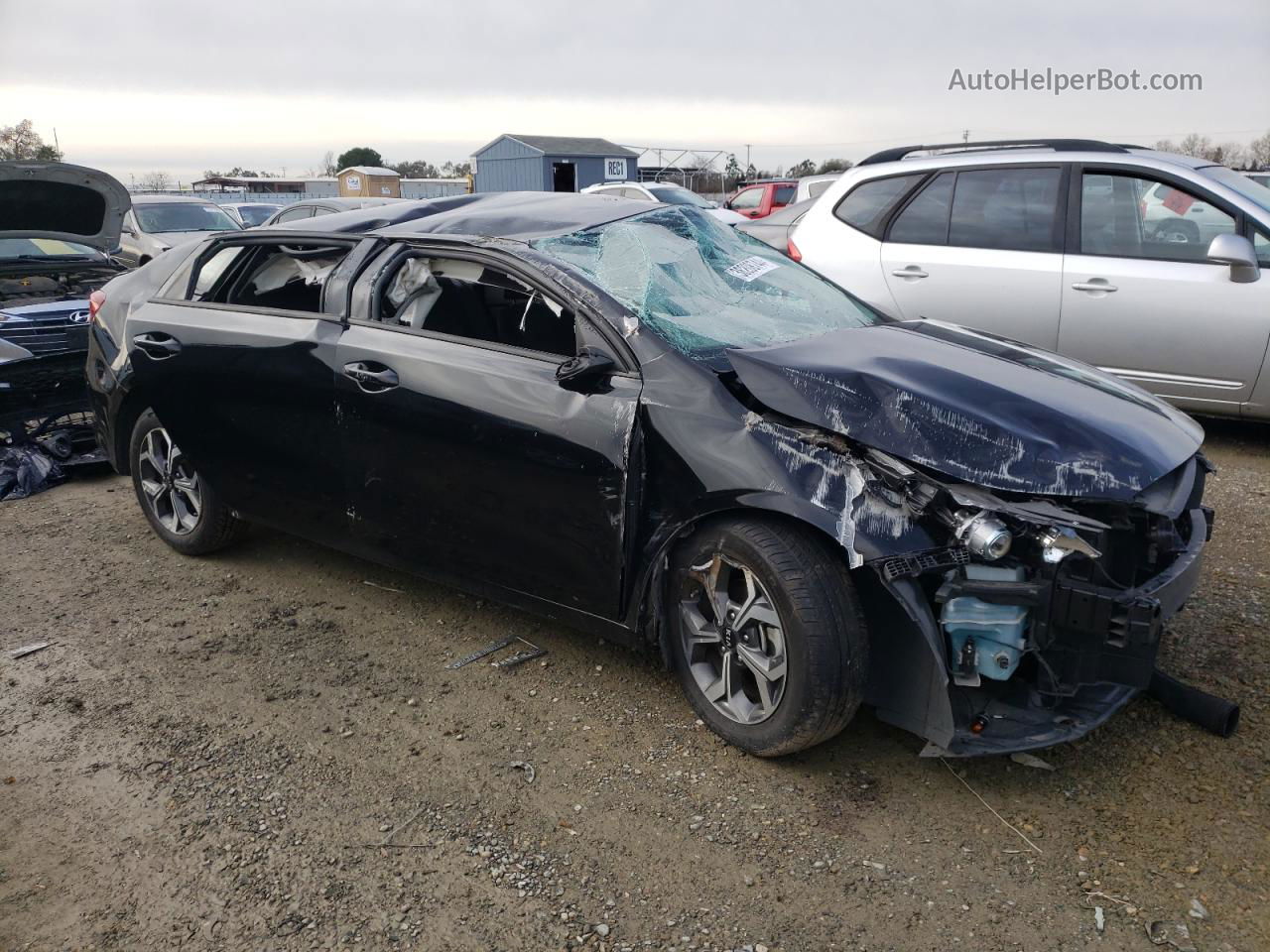 2020 Kia Forte Fe Черный vin: 3KPF24AD2LE200225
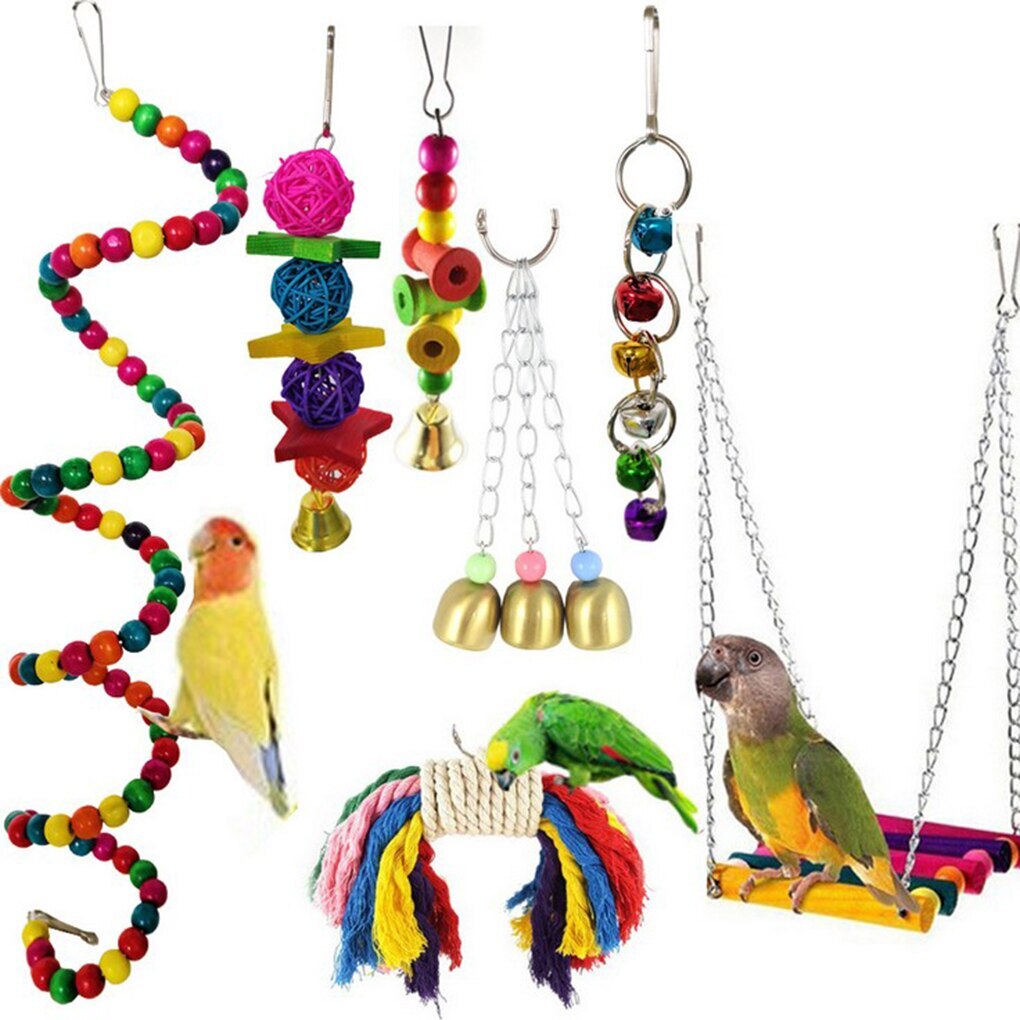 Развивающие игрушки для попугаев: мастер-класс по изготовлению своими руками с фото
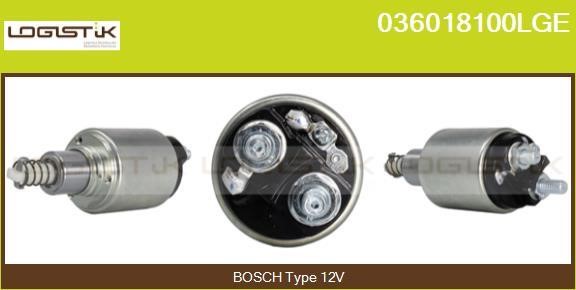 LGK 036018100LGE Solenoid switch, starter 036018100LGE: Buy near me in Poland at 2407.PL - Good price!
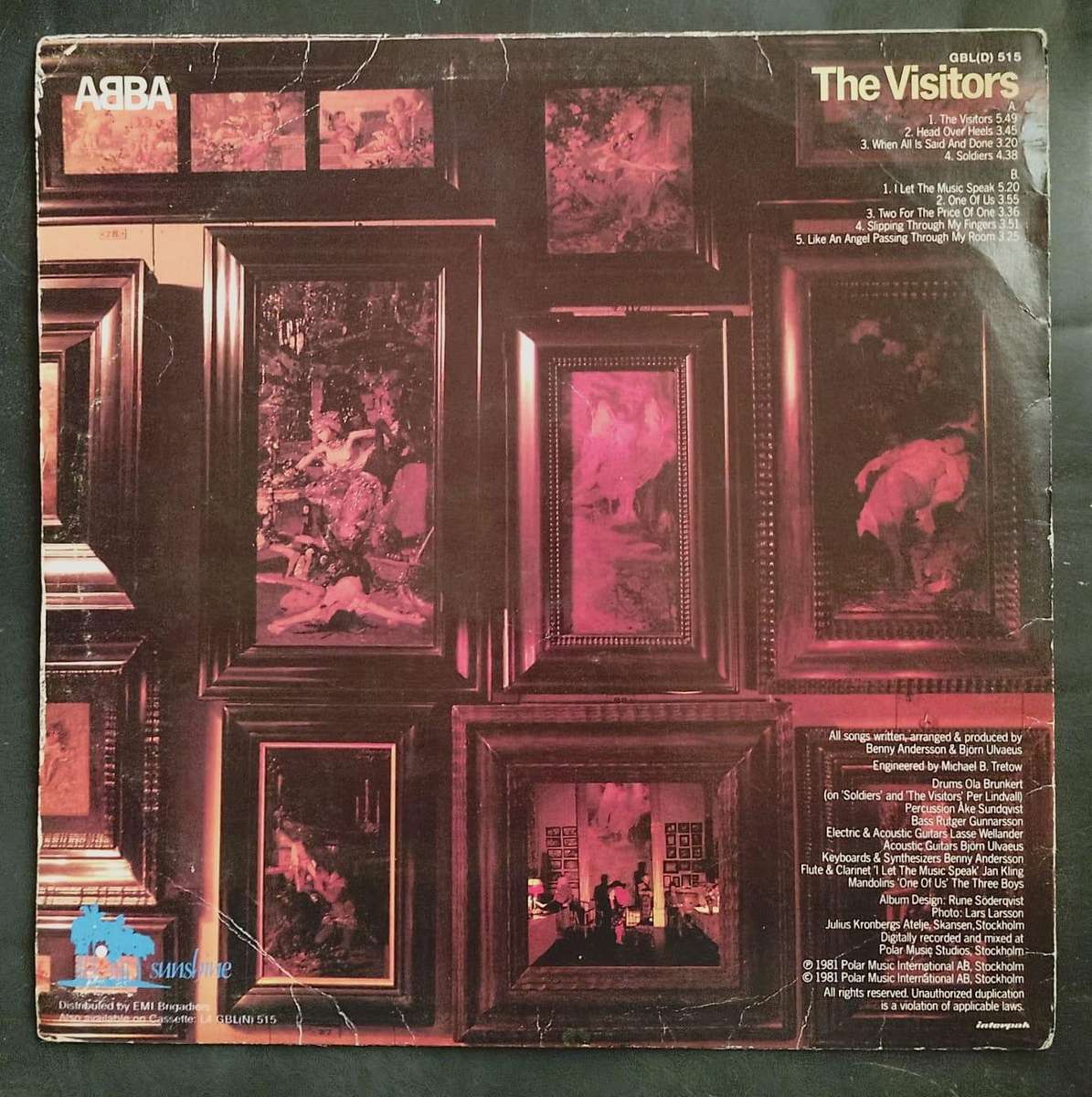 ABBA - The Visitors LP Vinyl Record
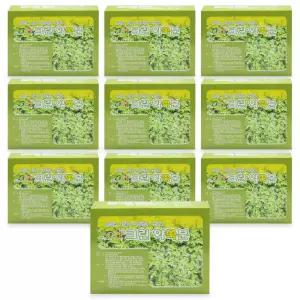 영생사 크린 약쑥분 1박스(30포+티백 고정대) X 10개 반신욕 족욕 좌욕 쑥팩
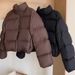 Off-Season Version Kendall Jenner Style Short High-Waisted Thickened Down Jacket For Petite Women, European And American_ecoleips.com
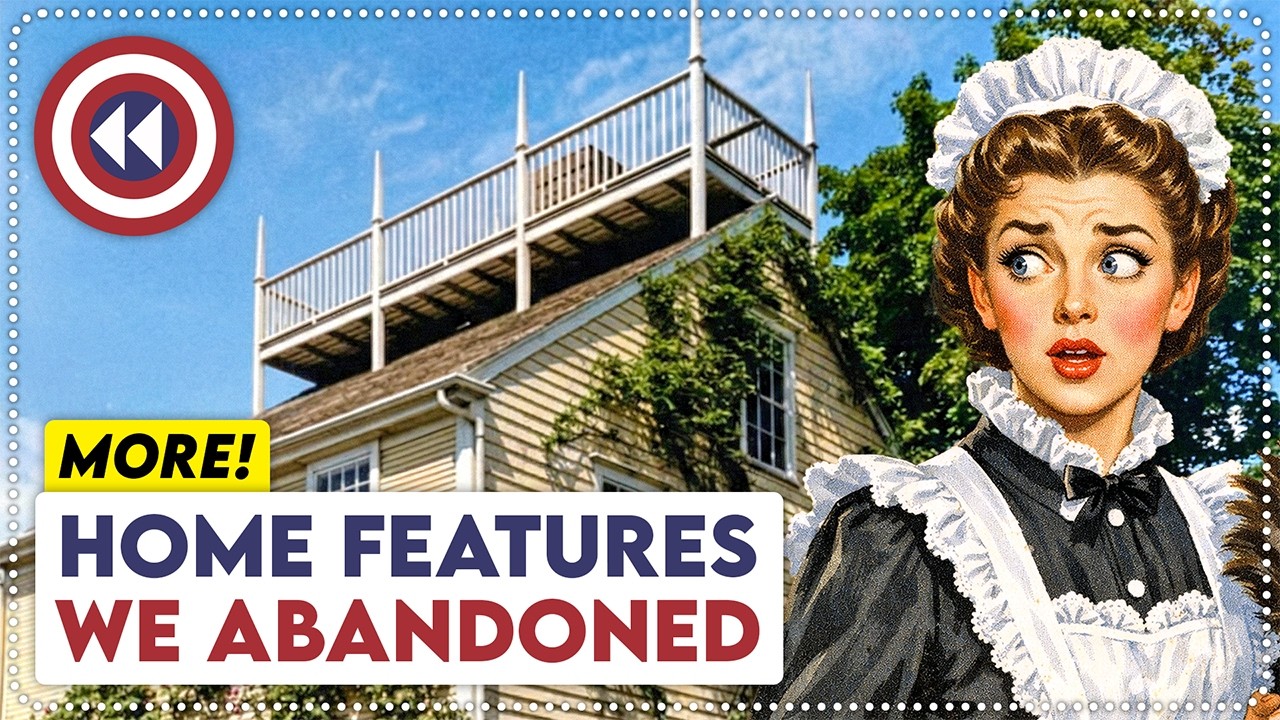 10 Old Home Features That Have FADED Into History | Part 3
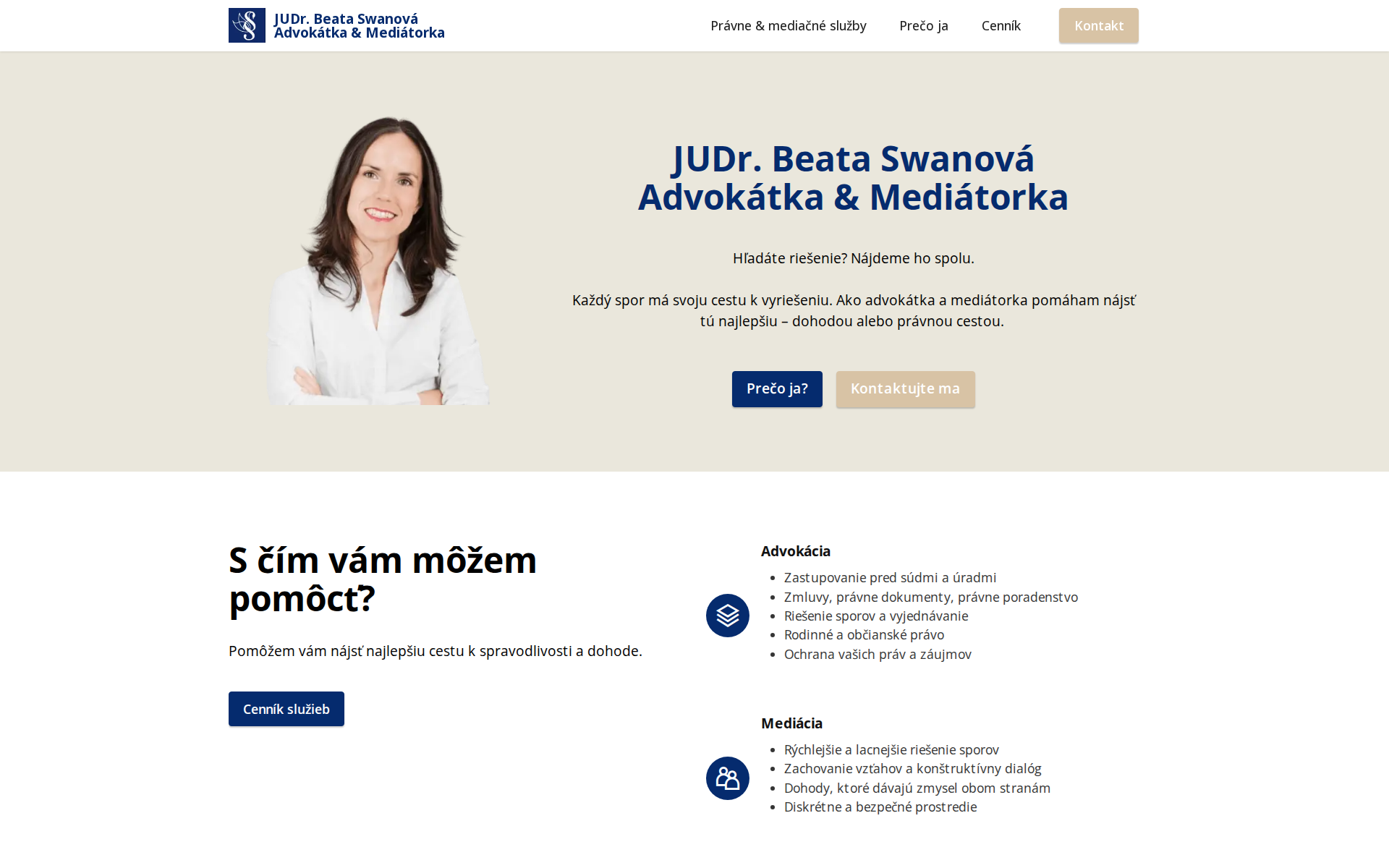 Náhľad webu advokatmediator.sk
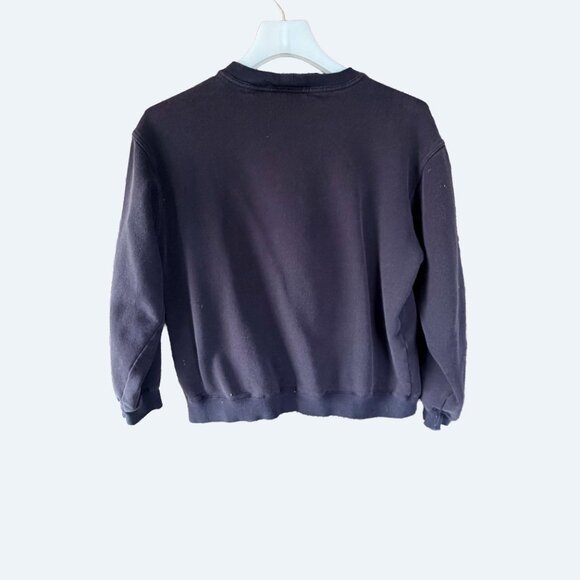 Vintage Levi's Embroidered Crewneck Sweatshirt 90s Cropped Purple Logo Streetwea - Picture 6 of 6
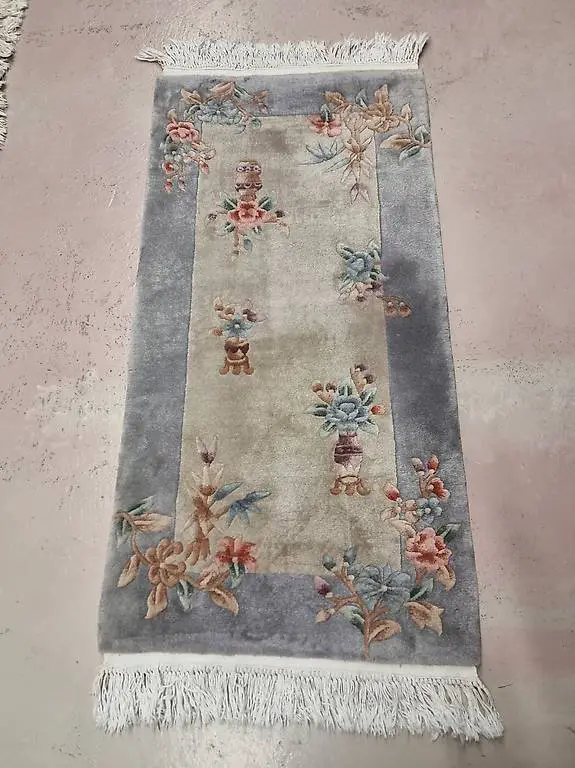 72X160 Handgeknüpfter Teppich Gereingit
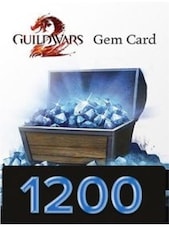Guild Wars 2 GAMECARD - 1200 Gems Arena.net Key GLOBAL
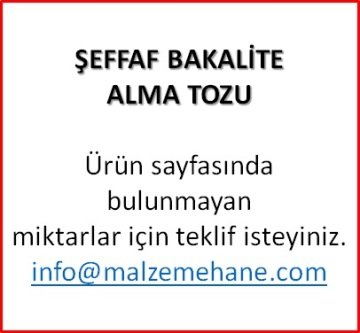 Şeffaf Bakalite Alma Tozu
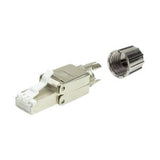 Logilink Mp0080 - Cat.8.1 Rj45 Stecker Conector Gris, Acero Inoxidable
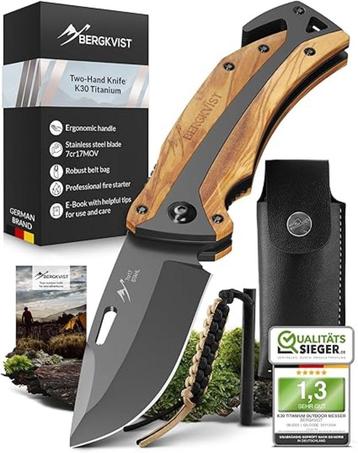 BERGKVIST K30 Titanium klapmes | survivalmes beschikbaar voor biedingen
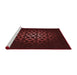 Sideview of Machine Washable Transitional Chocolate Brown Rug, wshpat217rd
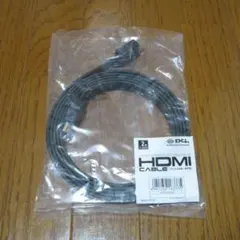 【未使用】フラットHDMIケーブル【2m】のサムネイル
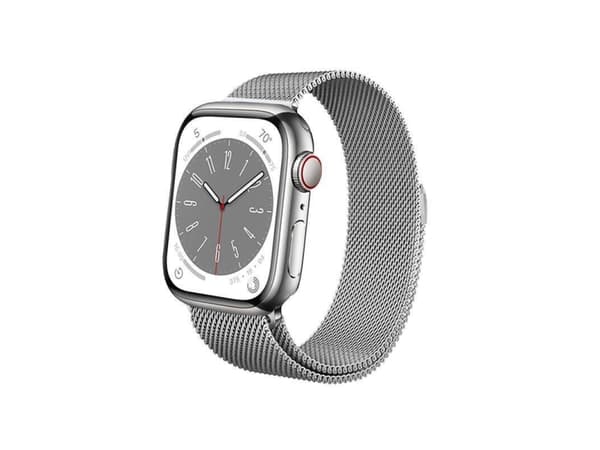 Crong Milano Steel - Ruostumattomasta teräksestä valmistettu hihna Apple Watchille 38/40/41 mm (hopea)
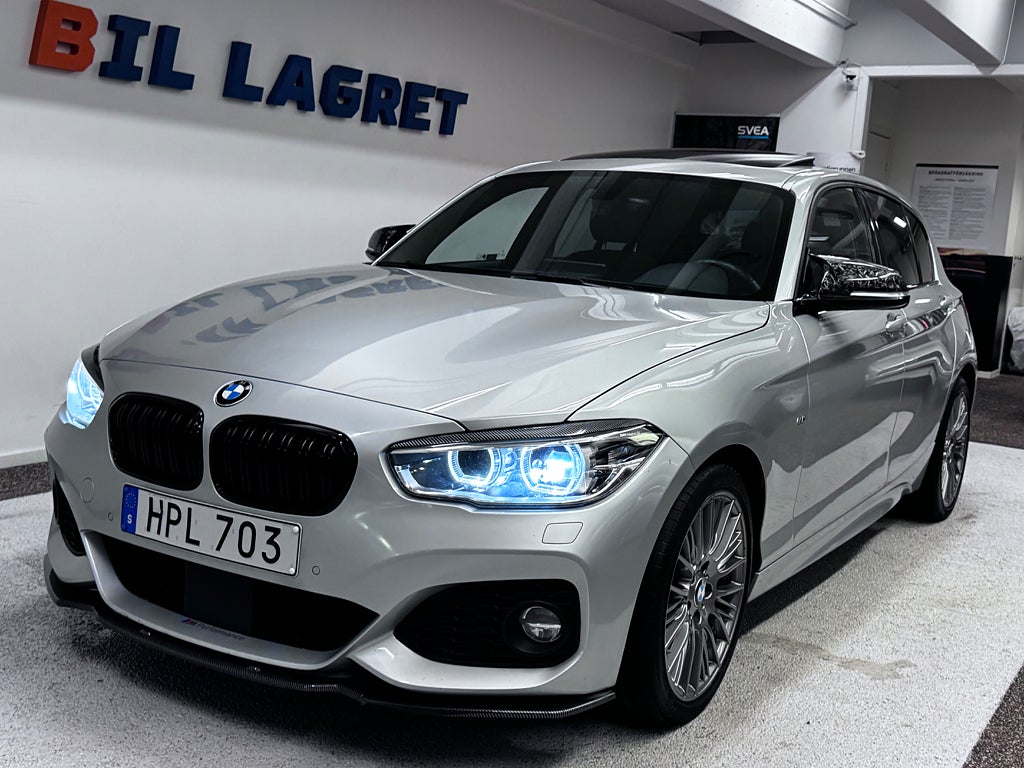 BMW 120 d 5-dörrars Steptronic M Sport/T-lucka/B-Kam/Paddlar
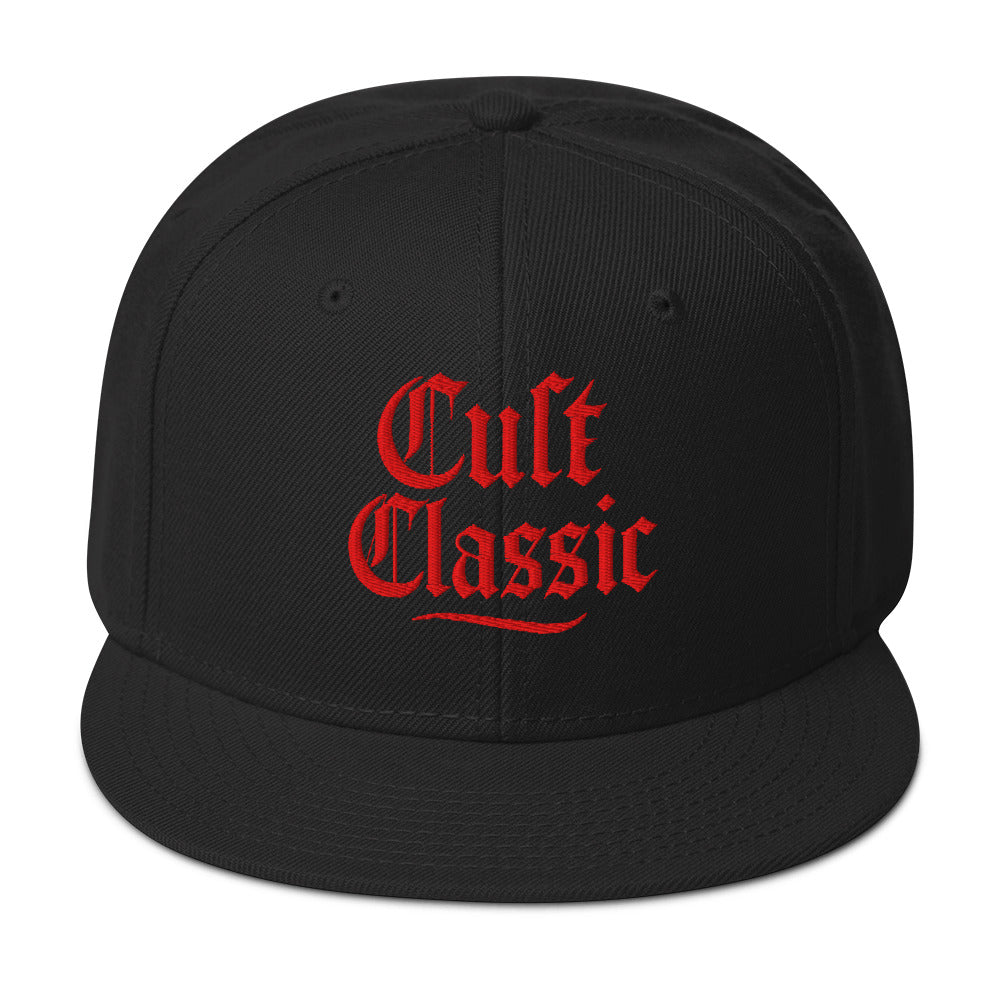 Cult Classic Red Gen X embroidered snapback hat, product image 4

────────

What to work on:
In the material above, one part opens with the line containing "72X160 Handgeknüpfter Teppich Gereingit" and closes with the line containing "BERGKVIST K30 Titanium". Write out that part exactly and skip its pictures.

Answer space:
 72X160 Handgeknüpfter Teppich Gereingit
Guild Wars 2 GAMECARD - 1200 Gems Arena.net Key GLOBAL
 Şeffaf Bakalite Alma Tozu
 Logilink Mp0080 - Cat.8.1 Rj45 Stecker Conector Gris, Acero Inoxidable
 BERGKVIST K30 Titanium klapmes | survivalmes beschikbaar voor biedingen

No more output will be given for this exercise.